Boundary Conditions for Viscous Flows
Boundary conditions are the mechanism by which a solution of a differential equation is related to a specific physical problem. Whether or not a flow is viscous, there can be no velocity component normal to the solid surface of a body. If the body surface is not solid and there is suction or blowing through the surface, then the normal component of velocity is not zero at the wall but rather proportional to the mass flow through the surface. The focus here is on solid surfaces so that one boundary condition at our disposal is that there is no flow through the solid surface (i. e., the normal component of velocity at the surface is zero).
For a viscous flow, the physically observed fact is that the tangential velocity of the flow at the body surface is the same as that of the body. If the body is in motion, the fluid “sticks” to the surface and is carried along by the body. If the body is at rest (i. e., the usual point of view for problem solving), then the tangential velocity at the body surface is zero. This is the so-called no-slip boundary condition that must be imposed on the tangential velocity at a surface in a viscous flow.
The reason that the fluid sticks to the surface is explained at the molecular level in Chapter 2 in terms of the momentum transfer between the molecules and the molecular structure of the solid surface. In effect, all momentum parallel to the surface is destroyed by inelastic collisions on the rough interface.
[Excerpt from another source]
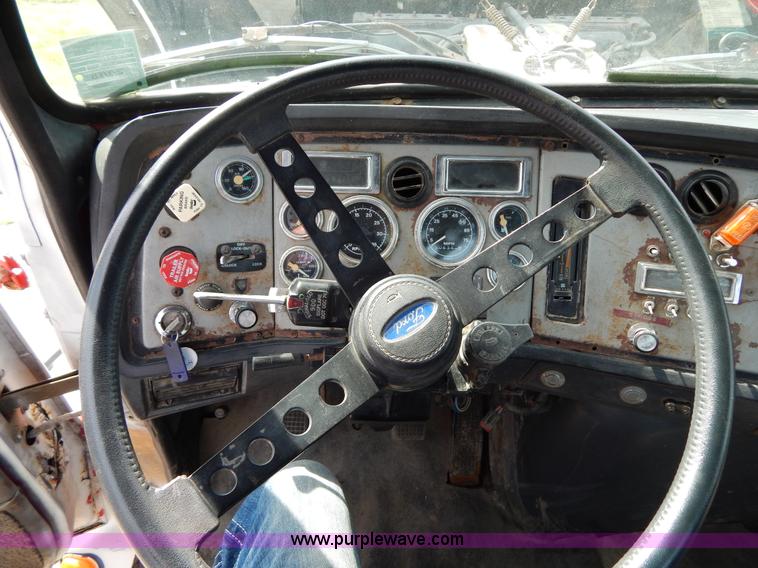 image for item H3433 1995 Ford L9000 roll off truck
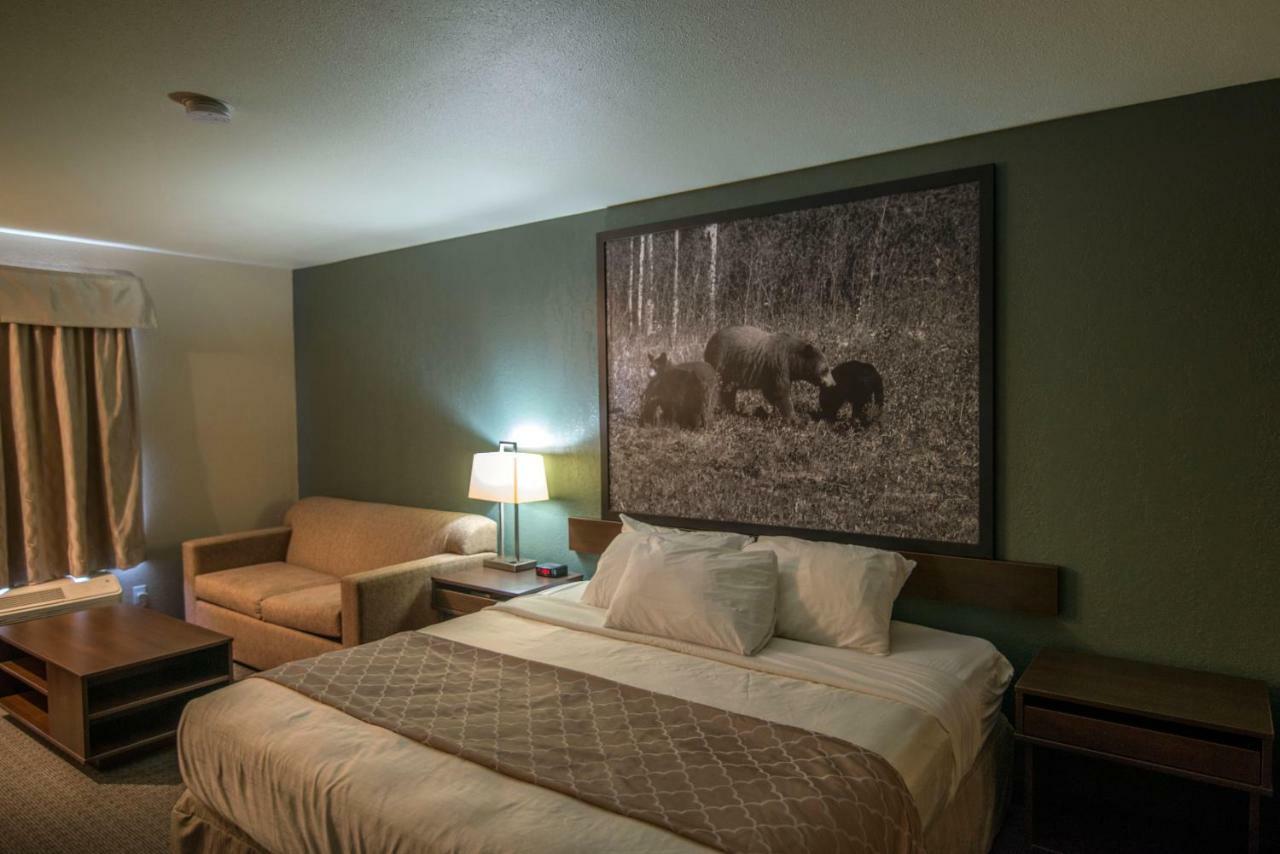 Super 8 By Wyndham Dauphin Exterior foto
Notice the fundamental difference in the boundary condition that is imposed on the tangential-velocity component at the surface of a body in inviscid and viscous flows. If the flow is inviscid, the velocity vector at the surface simply must be tangent to the body without any magnitude specified (i. e., a repetition of the previous “no-flow-through-the-surface” boundary condition). However, if the flow is viscous, then the tangential-velocity component at a solid surface at rest must be zero (i. e., the no-slip condition).